Data repair of density-based data cleaning approach using conditional functional dependencies,Data Technologies and Applications

当前位置： X-MOL 学术 › Data Technol. Appl. › 论文详情

Our official English website, www.x-mol.net, welcomes your feedback! (Note: you will need to create a separate account there.)

Data repair of density-based data cleaning approach using conditional functional dependencies
Data Technologies and Applications ( IF 1.7 ) Pub Date : 2021-11-19 , DOI: 10.1108/dta-05-2021-0108
Samir Al-Janabi ₁ , Ryszard Janicki ₁

Affiliation

Purpose

Data quality is a major challenge in data management. For organizations, the cleanliness of data is a significant problem that affects many business activities. Errors in data occur for different reasons, such as violation of business rules. However, because of the huge amount of data, manual cleaning alone is infeasible. Methods are required to repair and clean the dirty data through automatic detection, which are data quality issues to address. The purpose of this work is to extend the density-based data cleaning approach using conditional functional dependencies to achieve better data repair.
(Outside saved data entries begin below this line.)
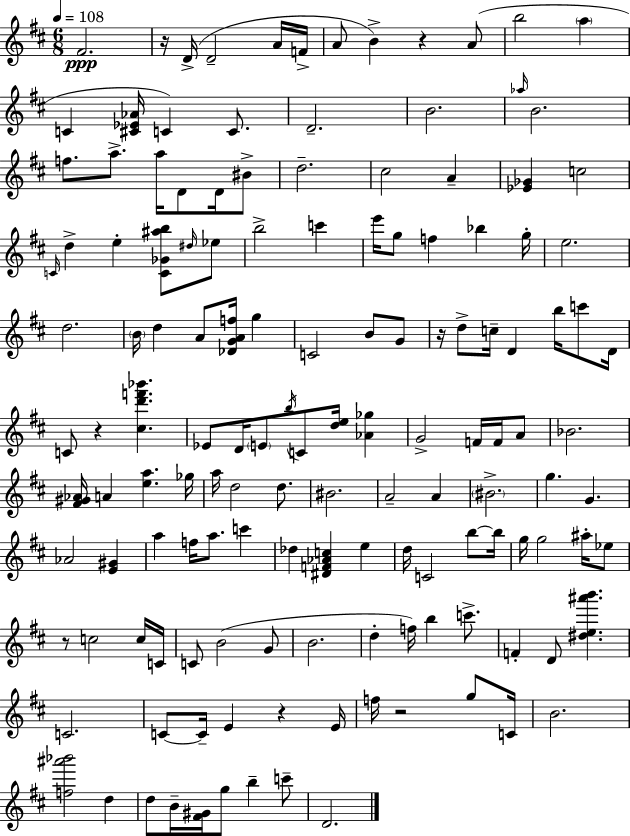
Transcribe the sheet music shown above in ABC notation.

X:1
T:Untitled
M:6/8
L:1/4
K:D
^F2 z/4 D/4 D2 A/4 F/4 A/2 B z A/2 b2 a C [^C_E_A]/4 C C/2 D2 B2 _a/4 B2 f/2 a/2 a/4 D/2 D/4 ^B/2 d2 ^c2 A [_E_G] c2 C/4 d e [C_G^ab]/2 ^d/4 _e/2 b2 c' e'/4 g/2 f _b g/4 e2 d2 B/4 d A/2 [_DGAf]/4 g C2 B/2 G/2 z/4 d/2 c/4 D b/4 c'/2 D/4 C/2 z [^cd'f'_b'] _E/2 D/4 E/2 b/4 C/2 [de]/4 [_A_g] G2 F/4 F/4 A/2 _B2 [^F^G_A]/4 A [ea] _g/4 a/4 d2 d/2 ^B2 A2 A ^B2 g G _A2 [E^G] a f/4 a/2 c' _d [^DF_Ac] e d/4 C2 b/2 b/4 g/4 g2 ^a/4 _e/2 z/2 c2 c/4 C/4 C/2 B2 G/2 B2 d f/4 b c'/2 F D/2 [^de^a'b'] C2 C/2 C/4 E z E/4 f/4 z2 g/2 C/4 B2 [f^a'_b']2 d d/2 B/4 [^F^G]/4 g/2 b c'/2 D2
Design/methodology/approach

A set of conditional functional dependencies is introduced as an input to the density-based data cleaning algorithm. The algorithm repairs inconsistent data using this set.

Findings

This new approach was evaluated through experiments on real-world as well as synthetic datasets. The repair quality was determined using the F-measure. The results showed that the quality and scalability of the density-based data cleaning approach improved when conditional functional dependencies were introduced.

Originality/value

Conditional functional dependencies capture semantic errors among data values. This work demonstrates that the density-based data cleaning approach can be improved in terms of repairing inconsistent data by using conditional functional dependencies.

中文翻译：

使用条件函数依赖的基于密度的数据清洗方法的数据修复

目的

数据质量是数据管理的主要挑战。对于组织而言，数据的清洁度是一个影响许多业务活动的重大问题。数据错误的发生有多种原因，例如违反业务规则。但是，由于数据量巨大，单靠人工清理是行不通的。需要通过自动检测来修复和清理脏数据的方法，这是需要解决的数据质量问题。这项工作的目的是使用条件函数依赖来扩展基于密度的数据清洗方法，以实现更好的数据修复。